_Task statement_:
Could you please reproduce all the records below exactly, leaving out the images?

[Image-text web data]
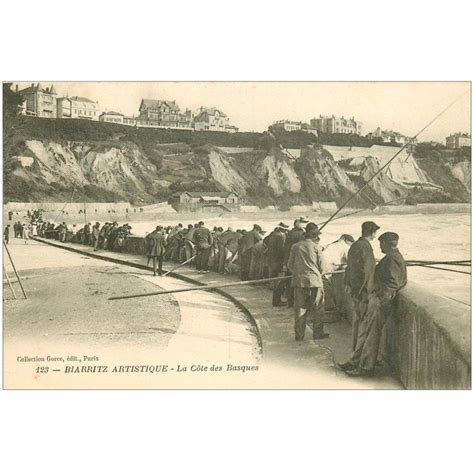 carte postale ancienne 64 BIARRITZ Pêcheurs à la Ligne Côte des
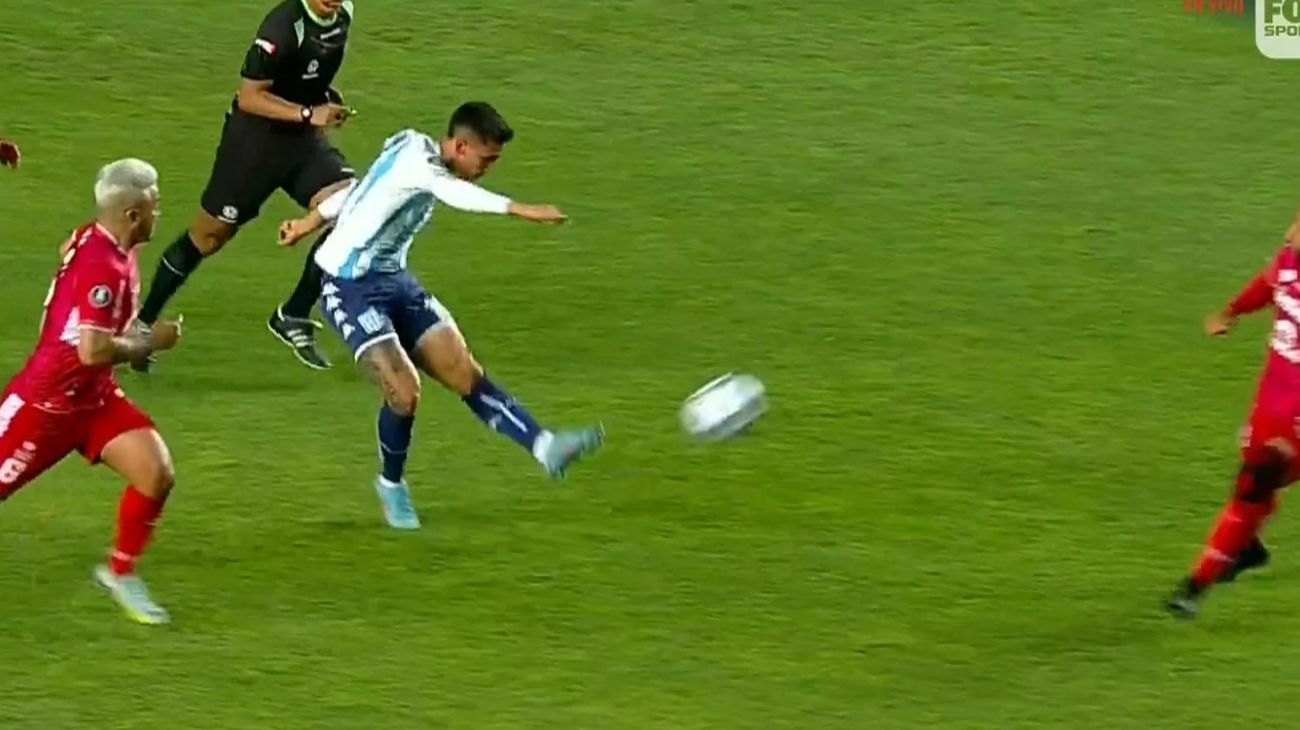 Racing debutó en la Libertadores con triunfo y un golazo de Matías Rojas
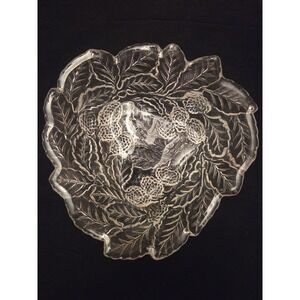 Vintage 7in Pressed Glass Grape And Leaf Design Shallow‎ Bowl /Candy Dish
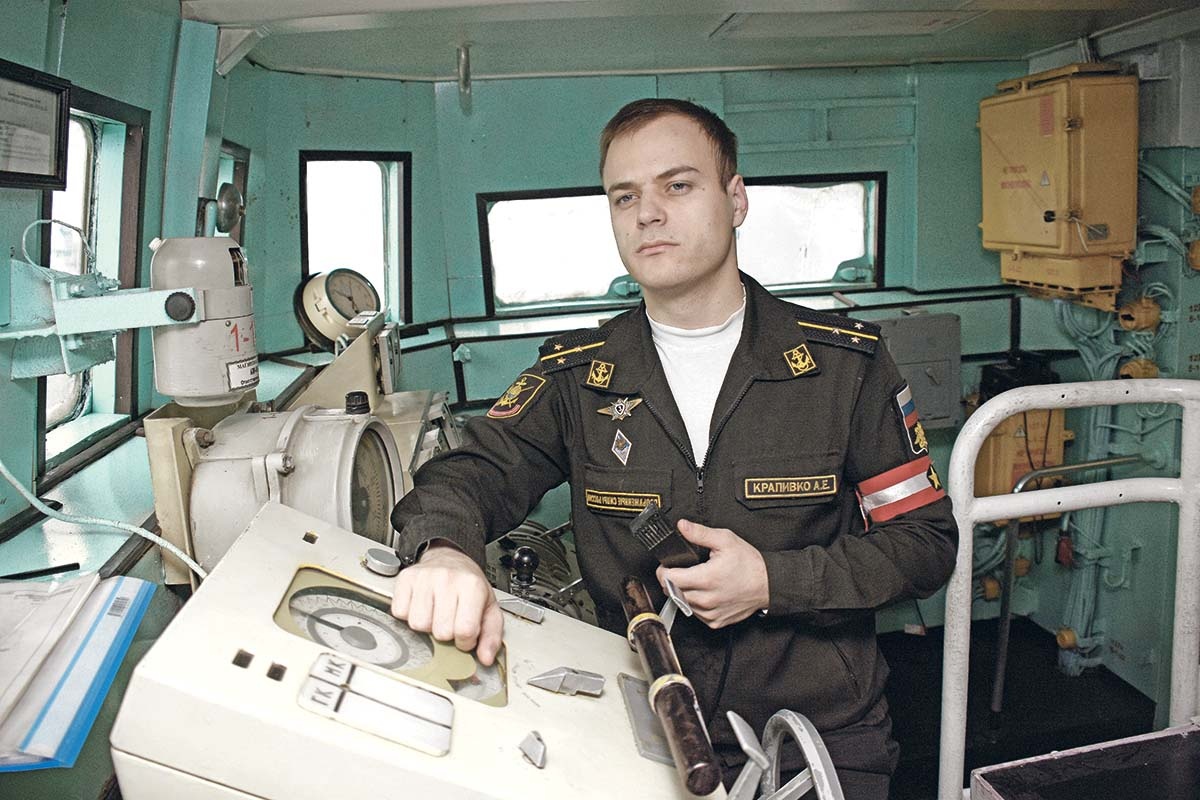 Помощник командира ракетного катера Р-11 старший лейтенант Крапивко А.В.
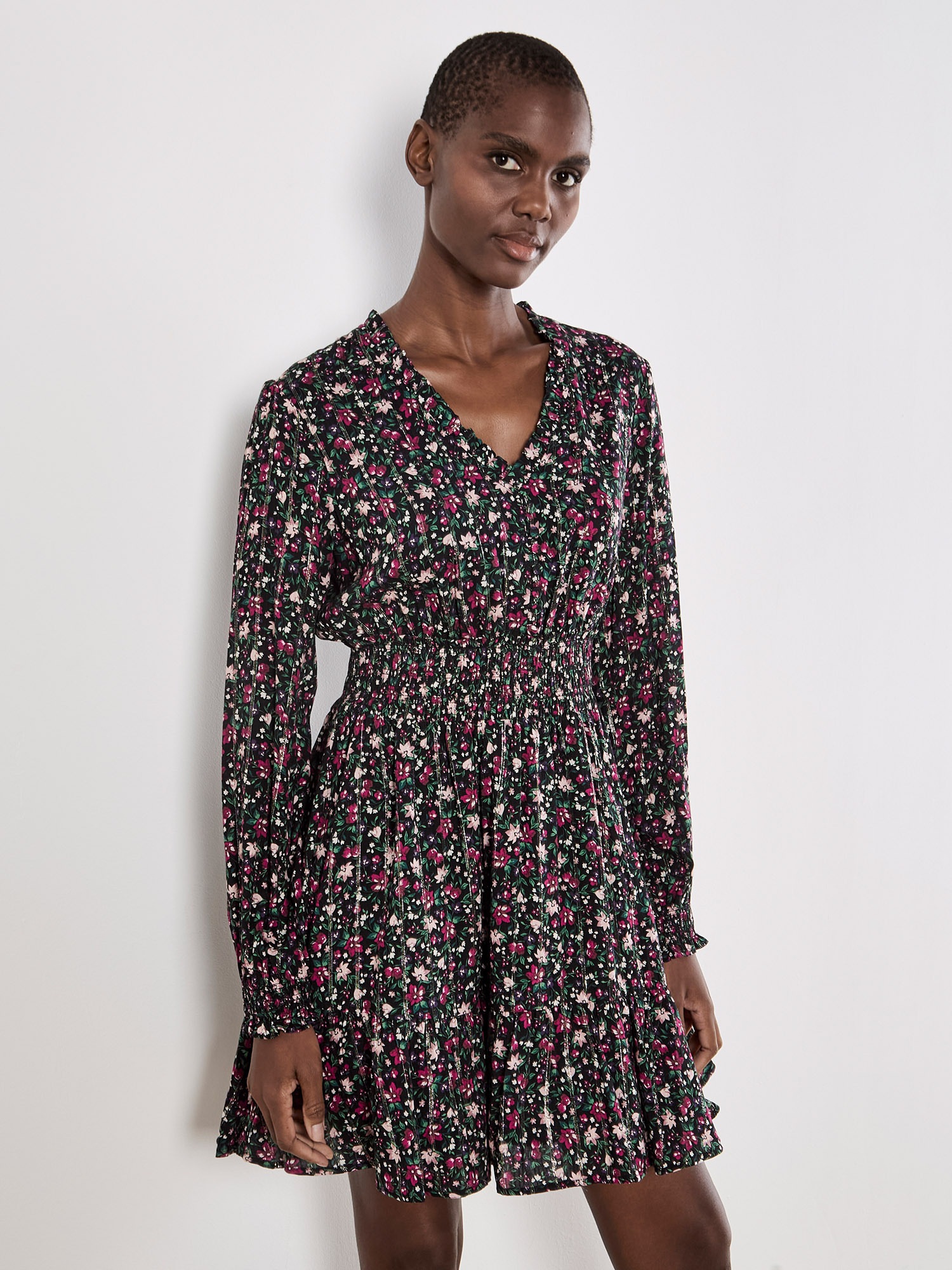 Apricot Druckkleid »Minikleid« mit Smokdetails und Blumenmuster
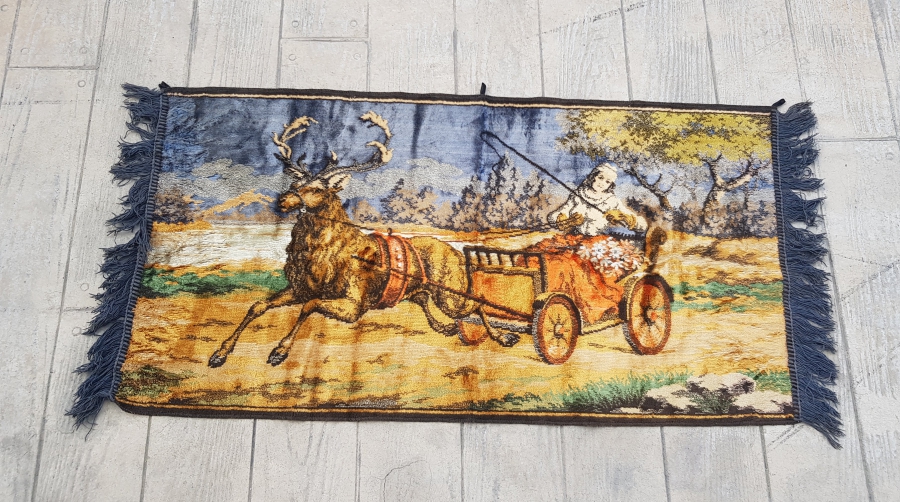 ANTİKA DUVAR HALISI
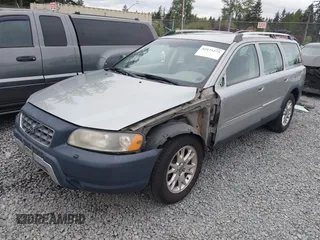 2005 Volvo XC70 with VIN YV1SZ592151195652, listed as a IAAI auction lot 42125275 with 183,928 mi miles and . Bid and sale history available at DreamBid. Image 18.
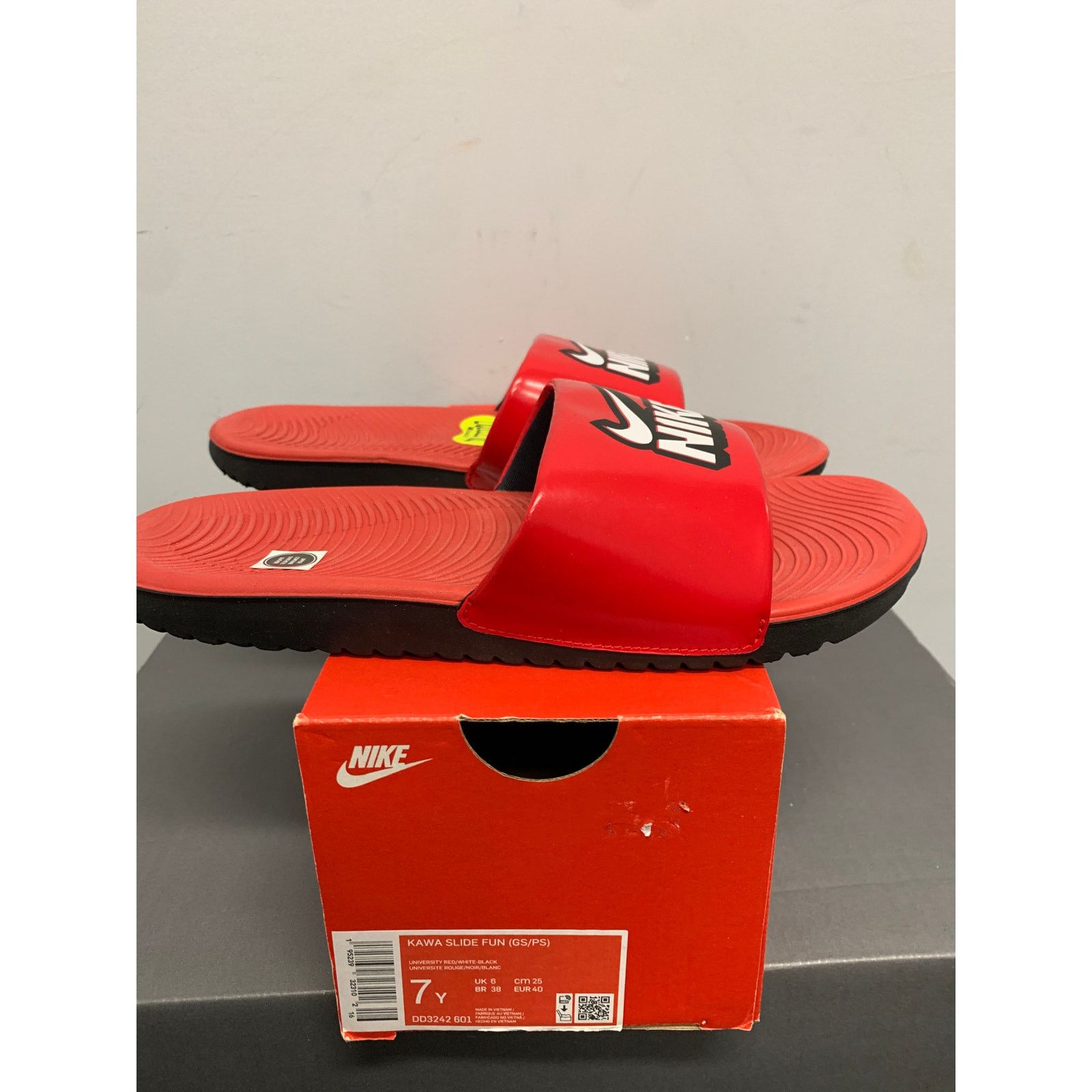 Nike NEW Kid’s Nike Kawa Fun Slide Sandals Red Size 7Y SHIPS NOW Size US 7 / EU 40 - 1 Thumbnail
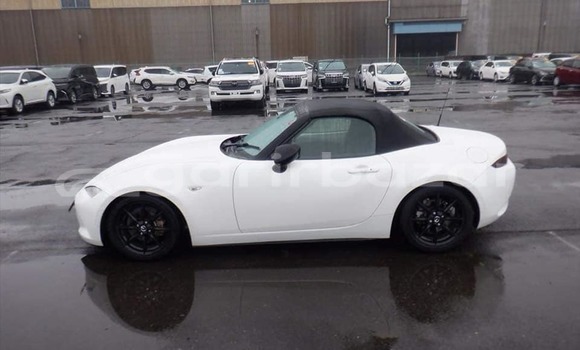 কেনা ব্যবহৃত Mazda Roadster White গাড়ী মধ্যে বাজিতপুর মধ্যে Kishorganj কেনা ব্যবহৃত Mazda Roadster White গাড়ী মধ্যে বাজিতপুর মধ্যে Kishorganj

_Exercise answer_:
 carte postale ancienne 64 BIARRITZ Pêcheurs à la Ligne Côte des
 Racing debutó en la Libertadores con triunfo y un golazo de Matías Rojas
 Vintage 7in Pressed Glass Grape And Leaf Design Shallow‎ Bowl /Candy Dish
 Помощник командира ракетного катера Р-11 старший лейтенант Крапивко А.В.
 Apricot Druckkleid »Minikleid« mit Smokdetails und Blumenmuster
 ANTİKA DUVAR HALISI
 2005 Volvo XC70 with VIN YV1SZ592151195652, listed as a IAAI auction lot 42125275 with 183,928 mi miles and . Bid and sale history available at DreamBid. Image 18.
 Nike NEW Kid’s Nike Kawa Fun Slide Sandals Red Size 7Y SHIPS NOW Size US 7 / EU 40 - 1 Thumbnail
 কেনা ব্যবহৃত Mazda Roadster White গাড়ী মধ্যে বাজিতপুর মধ্যে Kishorganj কেনা ব্যবহৃত Mazda Roadster White গাড়ী মধ্যে বাজিতপুর মধ্যে Kishorganj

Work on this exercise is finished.